## REQUIREMENT
From the line with "Opel Corsa 1.0" to the line with "SAINT TROPEZ ILU WIDE LEG JEANS 30513749", output every line below exactly, both ends included. Skip the pictures.

RECORD EXCERPTS section start

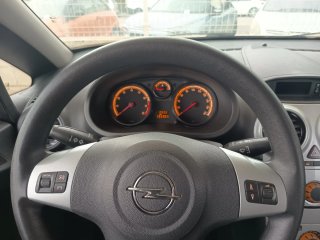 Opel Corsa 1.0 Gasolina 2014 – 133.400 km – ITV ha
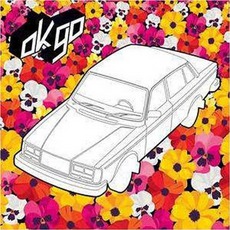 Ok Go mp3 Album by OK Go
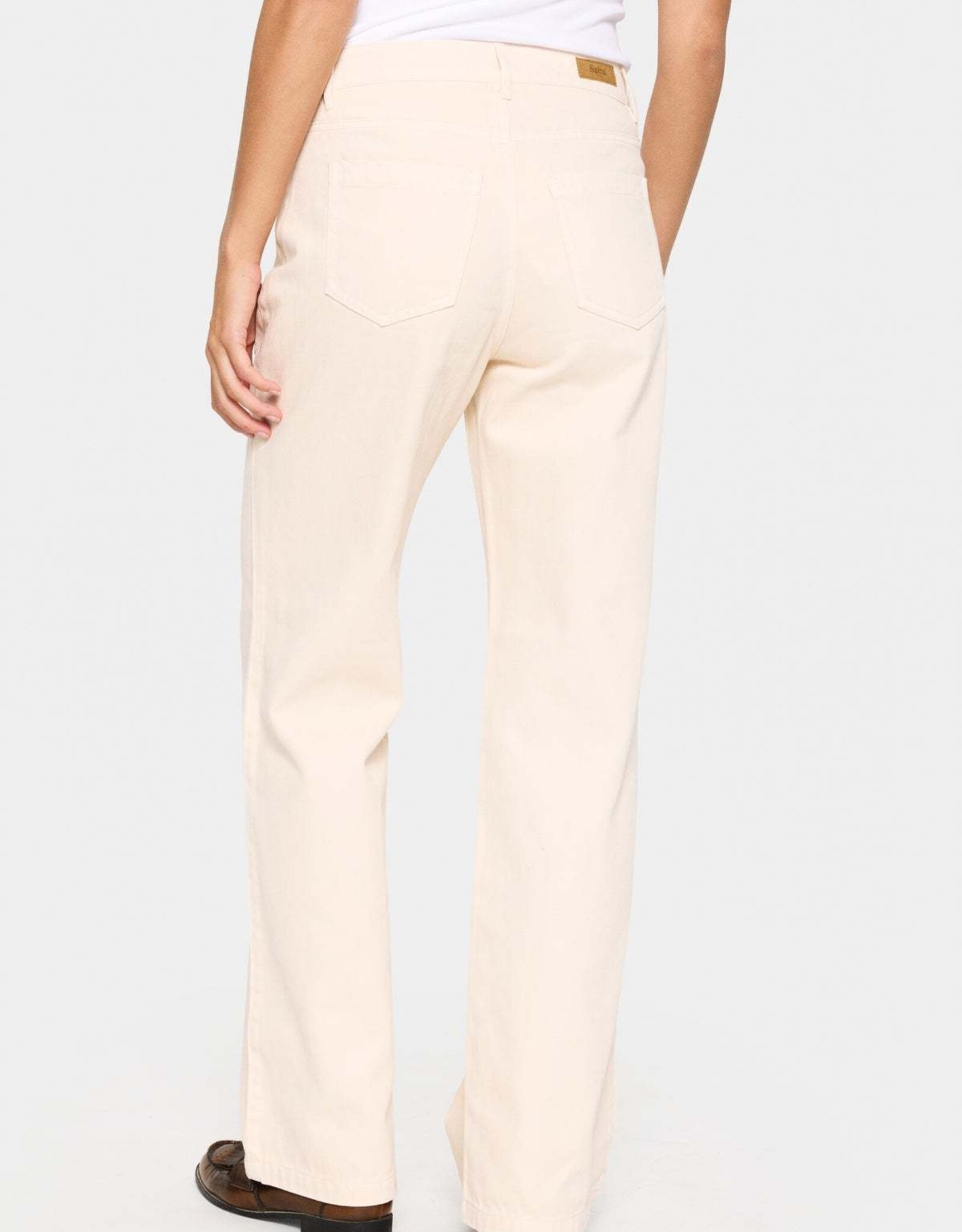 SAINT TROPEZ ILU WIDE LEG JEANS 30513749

RECORD EXCERPTS section end
RECORD EXCERPTS section start

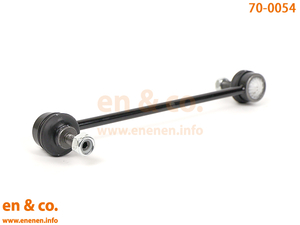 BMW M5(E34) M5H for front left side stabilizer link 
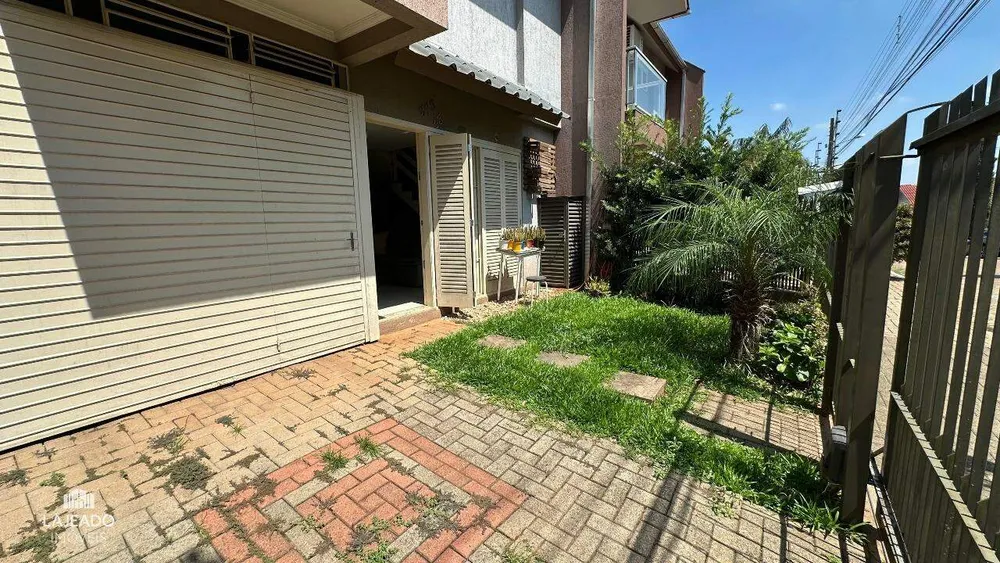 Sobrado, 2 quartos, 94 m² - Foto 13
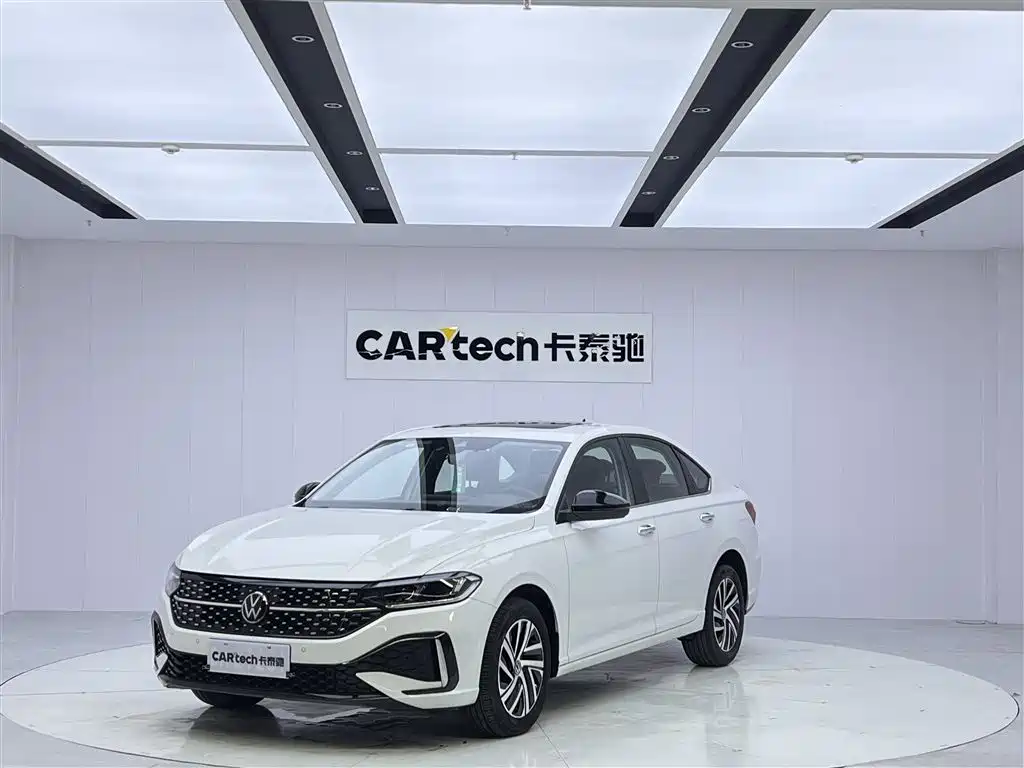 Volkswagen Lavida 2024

RECORD EXCERPTS section end
RECORD EXCERPTS section start

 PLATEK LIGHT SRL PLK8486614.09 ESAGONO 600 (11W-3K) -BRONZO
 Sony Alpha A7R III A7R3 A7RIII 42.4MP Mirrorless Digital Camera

RECORD EXCERPTS section end

## RESULT
 Opel Corsa 1.0 Gasolina 2014 – 133.400 km – ITV ha
 Ok Go mp3 Album by OK Go
 SAINT TROPEZ ILU WIDE LEG JEANS 30513749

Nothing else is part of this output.